Stoke Prevention Awareness
by Military Health System
WRIGHT PATTERSON AIR FORCE BASE, Ohio — Stroke is the leading cause of serious, long-term adult disability in the United States. The effects of a stroke range from mild to severe and can include paralysis, problems with thinking, difficulty with speaking, and emotional problems.
According to the National Institutes of Health, each year nearly 800,000 Americans experience a new or recurrent stroke. Approximately 610,000 of these are first attacks, and 185,000 are recurrent attacks. Stroke is the fifth leading cause of death in the US, killing nearly 133,000 people a year and accounting for one of every 19 deaths. Nearly three-quarters of all strokes occur in people over the age of 65 and the risk of having stroke more than doubles each decade after the age of 55.
Americans have shown that stroke is preventable and treatable. In recent years, a better understanding of the causes of stroke has helped Americans make lifestyle changes that have cut the stroke death rate nearly in half.
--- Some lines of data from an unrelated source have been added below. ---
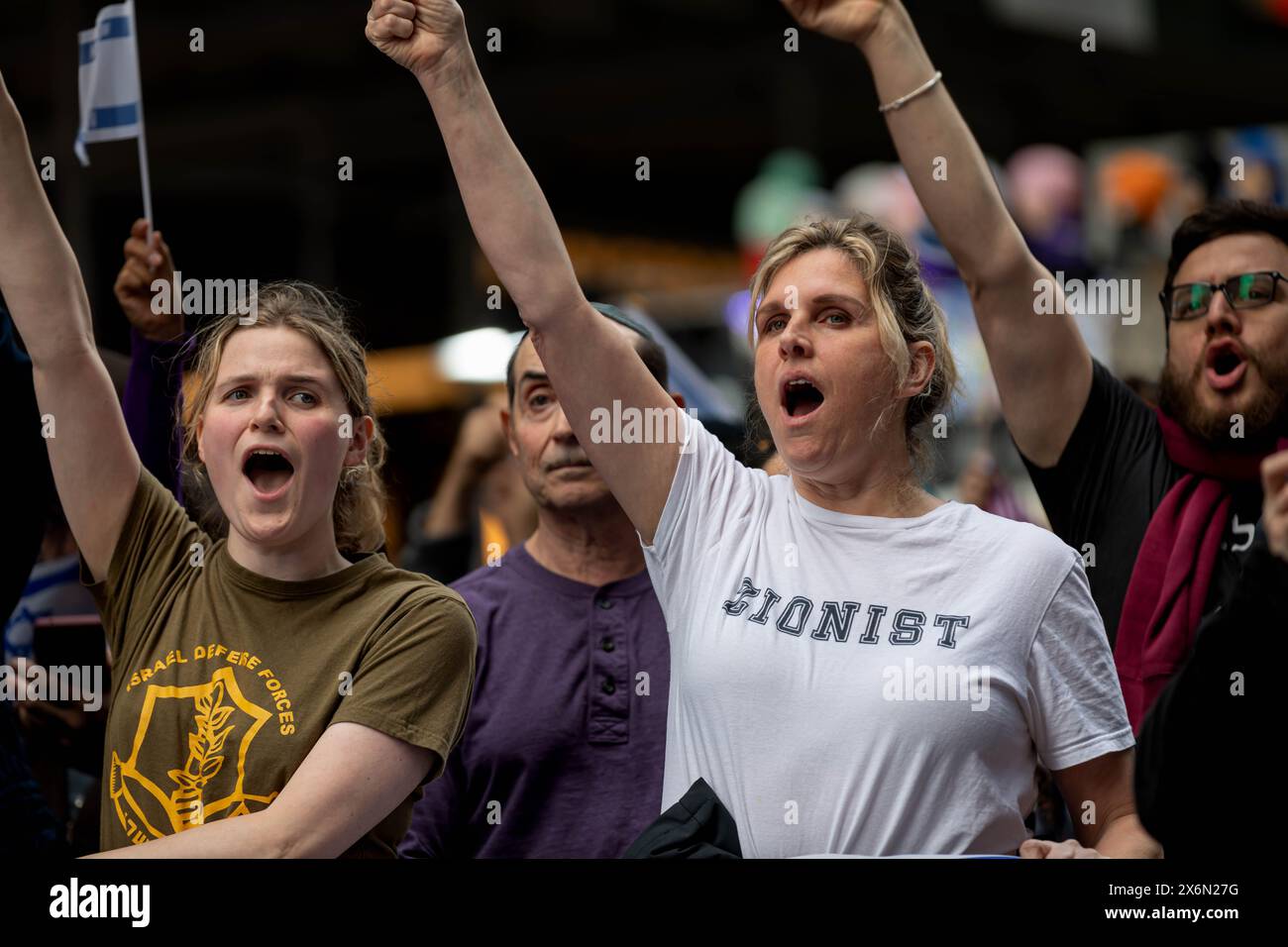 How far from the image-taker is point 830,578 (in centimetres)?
228

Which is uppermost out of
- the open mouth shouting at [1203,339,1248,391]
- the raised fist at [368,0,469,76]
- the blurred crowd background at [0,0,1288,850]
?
the blurred crowd background at [0,0,1288,850]

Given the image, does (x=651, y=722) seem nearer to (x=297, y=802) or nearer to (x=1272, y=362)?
(x=297, y=802)

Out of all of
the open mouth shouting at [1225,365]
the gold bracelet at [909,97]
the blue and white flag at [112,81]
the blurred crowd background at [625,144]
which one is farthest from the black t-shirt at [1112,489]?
the blurred crowd background at [625,144]

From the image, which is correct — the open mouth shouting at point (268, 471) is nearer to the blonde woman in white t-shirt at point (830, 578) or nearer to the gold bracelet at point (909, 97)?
the blonde woman in white t-shirt at point (830, 578)

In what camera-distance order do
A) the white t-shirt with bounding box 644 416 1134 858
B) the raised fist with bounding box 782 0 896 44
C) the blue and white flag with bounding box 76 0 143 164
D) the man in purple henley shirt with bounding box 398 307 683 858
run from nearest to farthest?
1. the white t-shirt with bounding box 644 416 1134 858
2. the raised fist with bounding box 782 0 896 44
3. the man in purple henley shirt with bounding box 398 307 683 858
4. the blue and white flag with bounding box 76 0 143 164

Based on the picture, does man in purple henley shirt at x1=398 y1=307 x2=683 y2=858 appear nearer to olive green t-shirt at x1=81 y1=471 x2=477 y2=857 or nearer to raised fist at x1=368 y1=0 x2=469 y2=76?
olive green t-shirt at x1=81 y1=471 x2=477 y2=857

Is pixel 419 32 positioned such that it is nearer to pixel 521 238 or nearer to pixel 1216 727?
pixel 521 238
To protect yourself and your loved ones from the serious effects of stroke:
• Learn your risk factors
• Reduce your risk factors
• Learn the warning signs of stroke
• Know what to do if you notice the warning signs
This question and answer guide from NIH explains stroke, stroke causes and symptoms, and how to reduce your risk of a stroke.
What is a stroke?
A stroke occurs when a blood vessel that carries oxygen and nutrients to the brain is either blocked by a clot or bursts. Brain cells in the immediate area begin to die because they stop getting the oxygen and nutrients they need to function.
What causes a stroke?
A blockage of a blood vessel in the brain or neck, called an ischemic stroke, is the most frequent cause of stroke and is responsible for about 80 percent of strokes. When a weakened blood vessel ruptures and spills into brain tissue, it’s called a hemorrhagic stroke. The most common cause for the rupture is uncontrolled hypertension or high blood pressure.
What is a TIA?
A transient ischemic attack is considered a “warning stroke.” A TIA is a type of stroke where the stroke symptoms last only a few minutes and generally stop. A TIA is a serious medical event that needs prompt medical attention.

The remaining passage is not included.